(Short web captions)
· · · ·

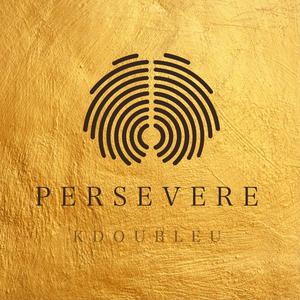 Persevere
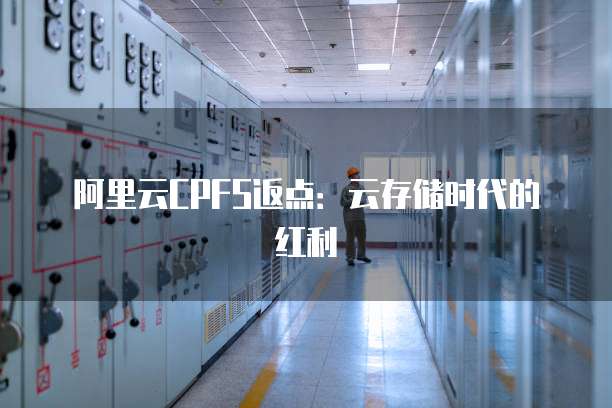 阿里云CPFS返点:云存储时代的红利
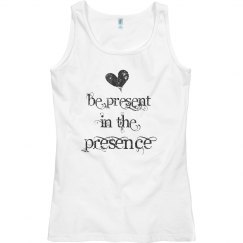 Be Present in the Presence Yoga Meditation Top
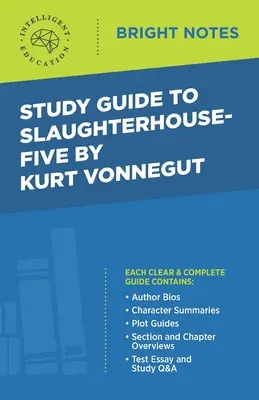 Studijní příručka k Jatka číslo pět od Kurta Vonneguta - Study Guide to Slaughterhouse-Five by Kurt Vonnegut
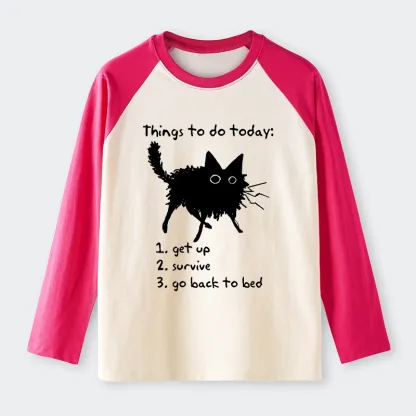Tokyo-Tiger Lazy Cat Survive Day Funny Meme Raglan Long Sleeve T-shirt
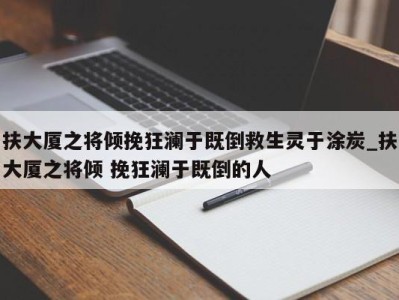 东莞扶大厦之将倾挽狂澜于既倒救生灵于涂炭_扶大厦之将倾 挽狂澜于既倒的人 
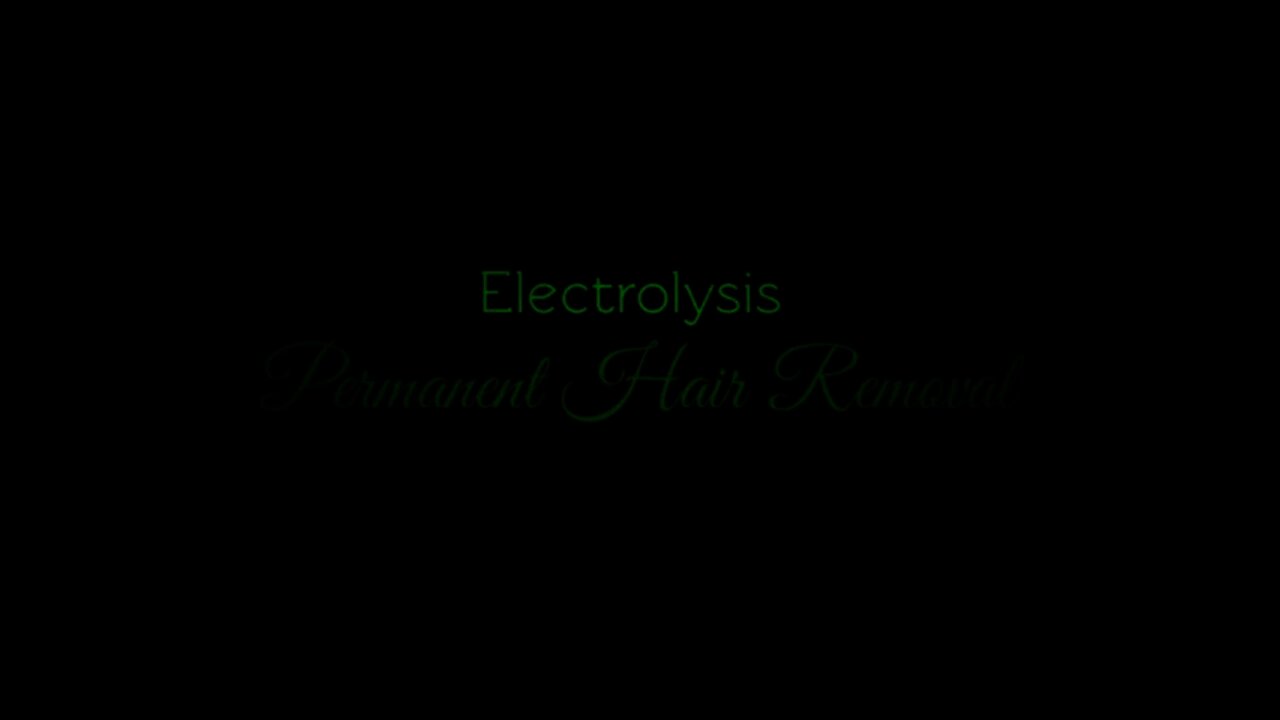 Electrolysis - Permanent Hair Removal for all!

· · · ·

WORK ITEM:
Repeat exactly the lines from the one containing "阿里云CPFS返点:云存储时代的红利" through the last line of the records above, both included, and leave out the pictures.

SOLUTION:
 阿里云CPFS返点:云存储时代的红利
 Be Present in the Presence Yoga Meditation Top
 Studijní příručka k Jatka číslo pět od Kurta Vonneguta - Study Guide to Slaughterhouse-Five by Kurt Vonnegut
Tokyo-Tiger Lazy Cat Survive Day Funny Meme Raglan Long Sleeve T-shirt
 东莞扶大厦之将倾挽狂澜于既倒救生灵于涂炭_扶大厦之将倾 挽狂澜于既倒的人 
 Electrolysis - Permanent Hair Removal for all!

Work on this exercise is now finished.